# What the task asks
Would you retype, word for word, only the lines from the one holding "crystal jewellery, doti" through the final line of the entries below, without the pictures?

Start of Materials provided

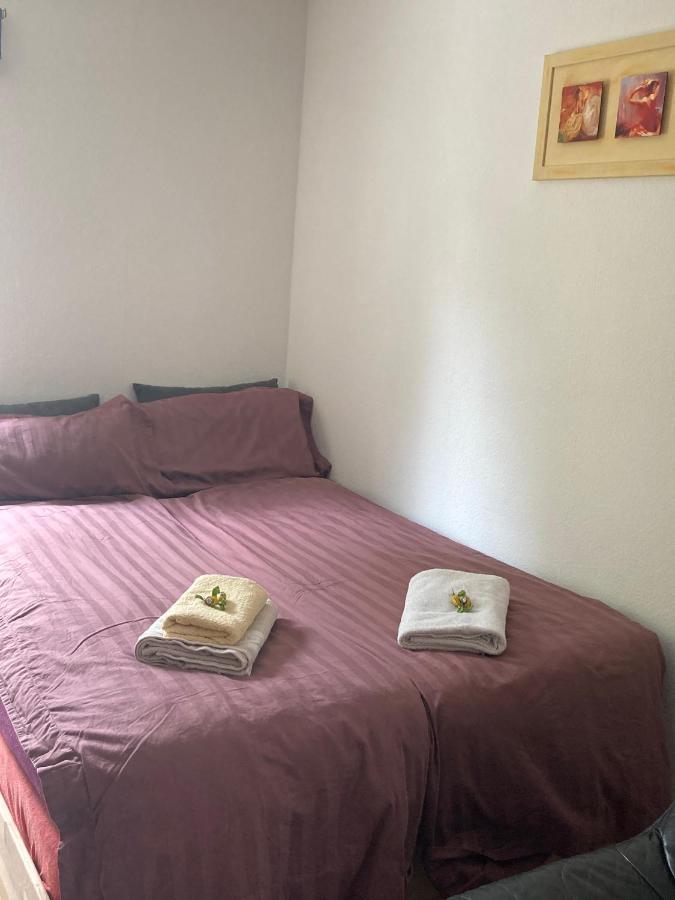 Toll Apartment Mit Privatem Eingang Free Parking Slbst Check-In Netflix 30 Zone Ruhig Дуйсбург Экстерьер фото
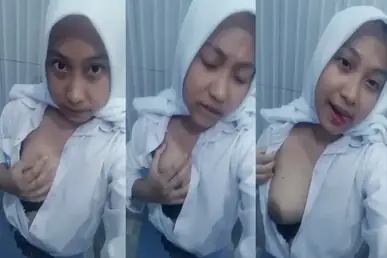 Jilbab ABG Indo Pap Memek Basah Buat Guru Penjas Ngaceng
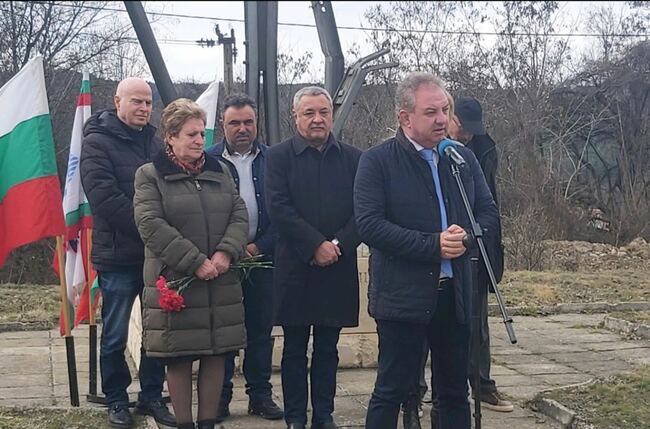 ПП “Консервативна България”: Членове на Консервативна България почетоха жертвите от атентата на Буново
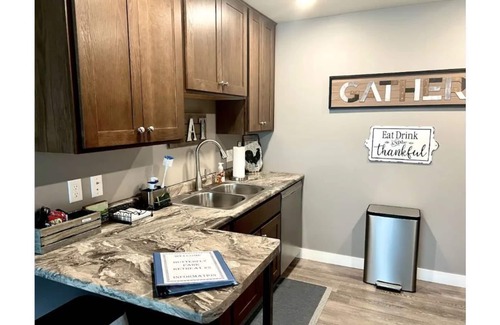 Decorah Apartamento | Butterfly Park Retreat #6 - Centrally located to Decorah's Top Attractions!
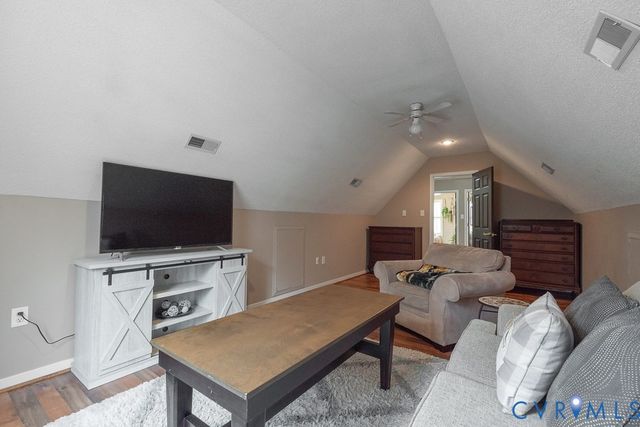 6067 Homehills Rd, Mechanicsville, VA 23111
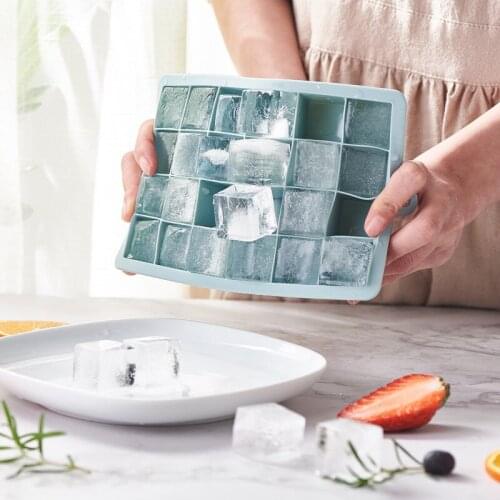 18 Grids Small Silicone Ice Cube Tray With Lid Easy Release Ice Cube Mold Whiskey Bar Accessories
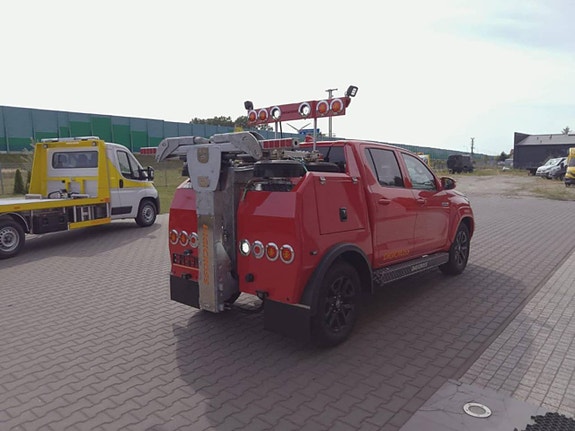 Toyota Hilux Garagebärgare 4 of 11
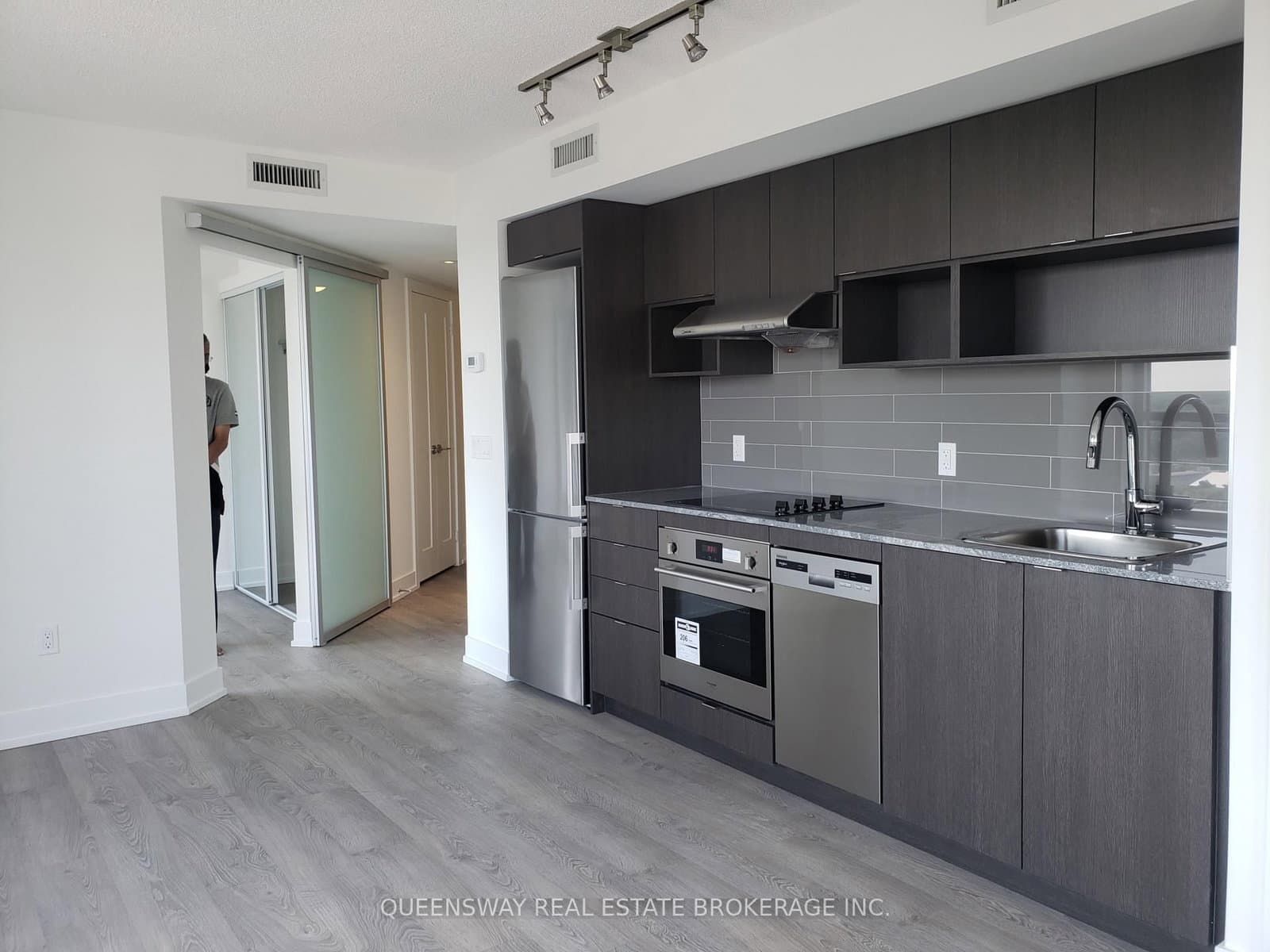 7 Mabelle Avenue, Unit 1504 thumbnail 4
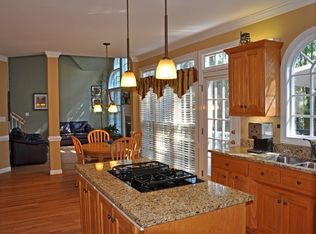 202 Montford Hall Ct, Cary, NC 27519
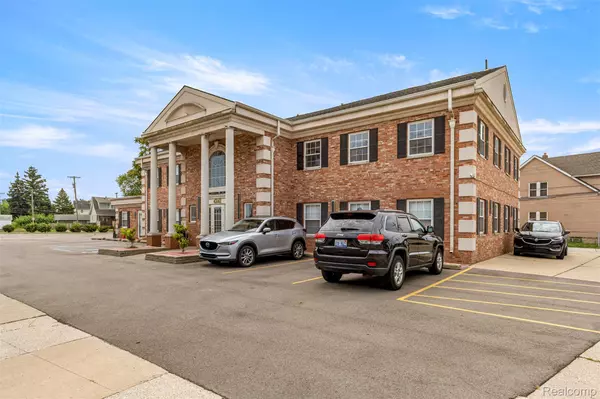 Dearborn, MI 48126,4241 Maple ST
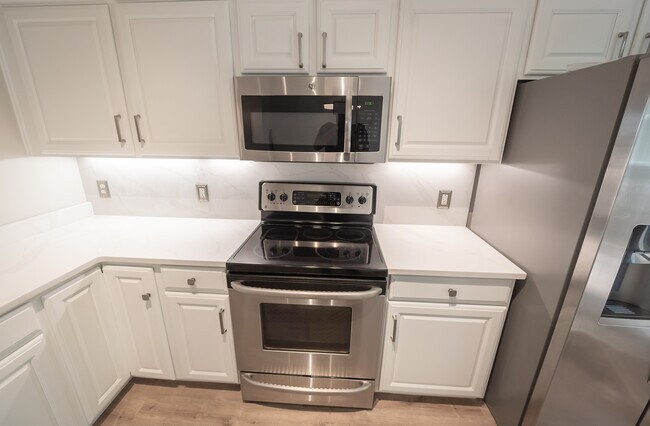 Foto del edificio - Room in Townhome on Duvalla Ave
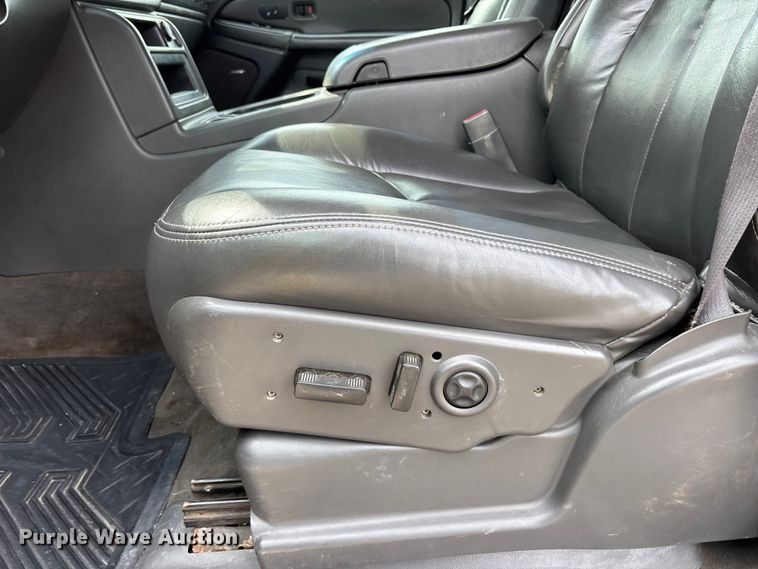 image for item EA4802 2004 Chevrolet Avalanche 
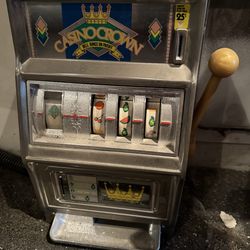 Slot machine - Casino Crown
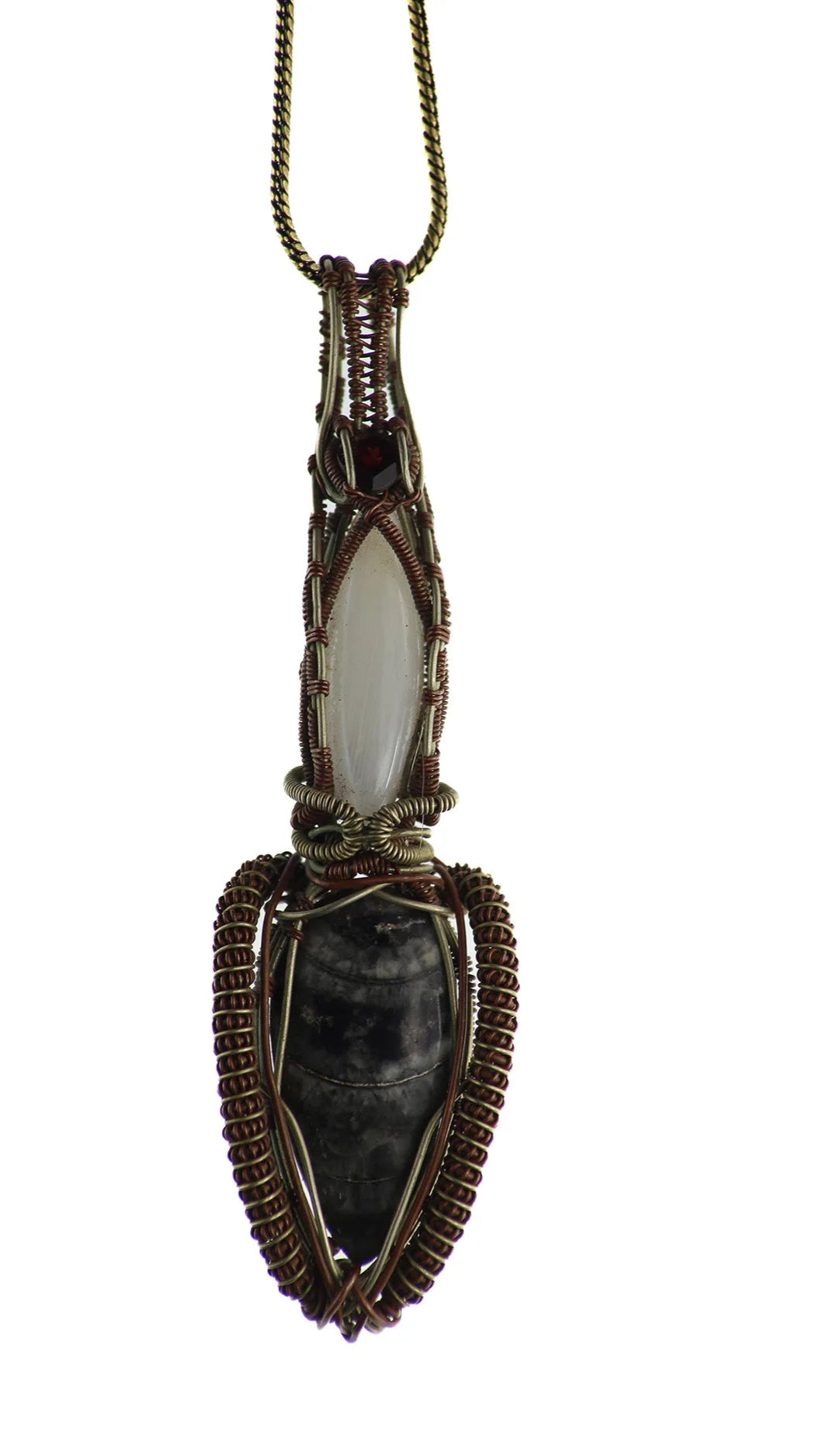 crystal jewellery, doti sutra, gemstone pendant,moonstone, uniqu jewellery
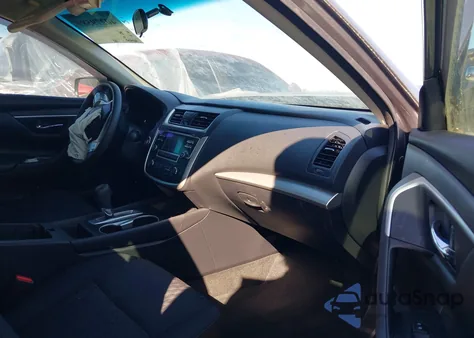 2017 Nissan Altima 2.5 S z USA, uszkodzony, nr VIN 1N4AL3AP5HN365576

End of Materials provided

# Task answer
 crystal jewellery, doti sutra, gemstone pendant,moonstone, uniqu jewellery
 2017 Nissan Altima 2.5 S z USA, uszkodzony, nr VIN 1N4AL3AP5HN365576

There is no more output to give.